I am the same,in a nutshell Word.Yy to the Johnson's.His dad said the same(his son was at Eton).We don't all have the luxury of connections,top private schools and rambling properties in which to ignore our kids.Some of us have kids who won't have it all handed on a plate.
I push mine with their homework,if it isn't done properly they do it until it is.They don't do hoards of activities but re school work they know I expect them to word hard,to the best of their ability and to aim high.If I see gaps I fill them.They have a good full life filled with freedom but they do their schoolwork properly.
I expect the same from school and often(increasingly so)they deliver.
I hold my hands up.I am "that" parent.I started being "that" parent years ago when I felt my dc's "Outstanding" school wasn't and there were several quite crucial things I wasn't happy with.I was a former teacher so not daft.I felt that instead of whining round the school gate(like many others)actually going in was more productive.I must have looked like the pushy parent from hell.I have thick skin where my dc are concerned.

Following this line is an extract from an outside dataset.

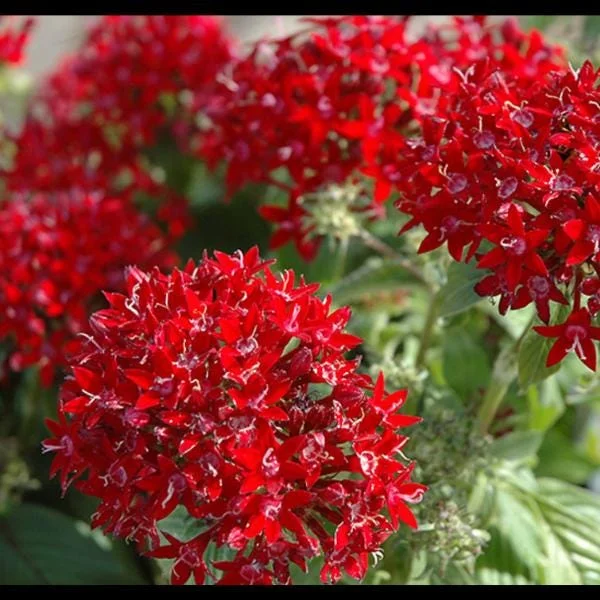 Pentas Cranberry Punch Live Plants - 2-Pack, 5-9" Tall, Egyptian Starcluster, Outdoor - Image 3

The school thankfully plummeted to a Satisfactory.
Things are hugely better,I rarely have to "push" (although I currently am with one child) and they seem to listen,are more inclined to push all kids themselves and most teachers seem to want to work with parents now.
My dp had very chilled parents who never made him do his homework(so he didn't), sent him to the crappiest school in the county(because it was nearer), never put him in for the 11+, never suggested uni.He is still bitter.The mother of his first girlfriend saw his potential and thankfully pushed him to try for uni.He did Al evels at night school and got into a red brick uni,never looking back.
One of my dc was a tad lazy,was certainly not being pushed enough in KS1 and at home needed a rocket up his arse.I pushed and pushed and he is now flying whilst enjoying achieving.I don't have to push him anymore,he pushes himself. Another of my dc wasn't being pushed with guided reading ie reading books in year 4 she read in year1. I politely complained outlining my reasons why,she was assessed and is now reading books that are far nearer her ability.She has zero confidence in maths,I've requested work in order for us to build it up which she is now getting(her confidence and achievement is improving).Being afraid of becoming "that" parent and doing nothing wouldn't have helped either.
I honestly think some parents think school is come kind of popularity contest.It isn't.It's not there for us. It is pretty much the most important part of your dc's life and it is up to us to ensure they get the most from it.Some may not want to but don't expect all of us to sit back and do the same.